# Flounder Report 10/3/09



## X-Shark (Oct 3, 2007)

My brother Bill, Nephew Jeff and I went Saturday night.



This was the 1st time I threw the keys to my truck to Jeff. He's 18 now and a senior at Tate HS.



He did VERY well backing to unload and load the boat on a VERY narrow ramp. I told Bill it was time to pass the torch for what we've been doing for all those years.



I can't say the same for 2 old Yahoo's that thought it was fine to block the ramp and unload their boat into the truck at midnight when they could clearly see what was going on and they were in the WAY!





Anyway... Total count was



6 Flounder

6 mullet

2 Sheephead

18 Bluecrabs





We had to really start looking hard in the grass. A bunch of the Flounder were stuck there and buried down. I've never seen them that buried in grass before.



Another learning curve. 



Supposed to get pix's from brother today, but he said Jeff took some half ass pix's.


----------



## whome (Oct 2, 2007)

Great Job Bobby! BTW I am coming up on the next oil change on the motor, hopefully I can remember everything you showed me! :doh


----------



## User6882 (Feb 4, 2009)

nice report :clap

did any of the fish have any size to em?


----------



## Papa Z (Sep 24, 2009)

_Cool post! Love the passing of the torch! :clap I Graguaded from Tate in 71-72! Sharp gig's and Cold BEER to all! :usaflag_


----------



## Shiznik (Feb 24, 2008)

Great report and good to see the torch has been passed! I gotta keep the "buried in the grass" tip because sometimes, I just keep on cruising. Bet I've missed some that laughed at me too!

:clap:clap:clap:clap


----------



## X-Shark (Oct 3, 2007)

In one spot we were in, we stuck one in the grass and 45sec later we stuck another in the grass.


----------



## Five Prongs Of Fury (Apr 15, 2008)

I have seen them buried in the grass on a couple of occasions also. Most of the places where I seen them they didn't have a choice though because there was grass for damn miles. They looked as though they had just given up in their search for dirt. They just had their heads stuck down in the grass with their tales sticking up waving in the current. Beat all I have ever seen. I think we gigged 8-10 that night that were like that.


----------



## X-Shark (Oct 3, 2007)

This was not the case Saturday night. Plenty of sandy bottom around, but the grass itself was dead looking and short in height.


----------



## Five Prongs Of Fury (Apr 15, 2008)

> *X-Shark (10/6/2009)*This was not the case Saturday night. Plenty of sandy bottom around, but the grass itself was dead looking and short in height.
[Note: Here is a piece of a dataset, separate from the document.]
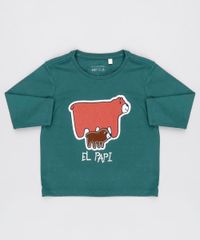 Camiseta-Infantil-Ursinhos--El-Papi--Manga-Longa-Gola-Redonda-Verde-Militar-9530778-Verde_Militar_1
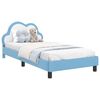 vidaXL Bērnu gultas rāmis ar galvgali Zila 90 x 200 cm PU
I wonder sometimes if the majority of the bait that they are after ends up all in the grass and they just decide to sacrifice their camoflauge to follow it. Just a thought?


----------



## X-Shark (Oct 3, 2007)

As promised.....The crappy pix's.


----------



## Papa Z (Sep 24, 2009)

_It look's like a good ol down home feed to me!! :clap :usaflag_


----------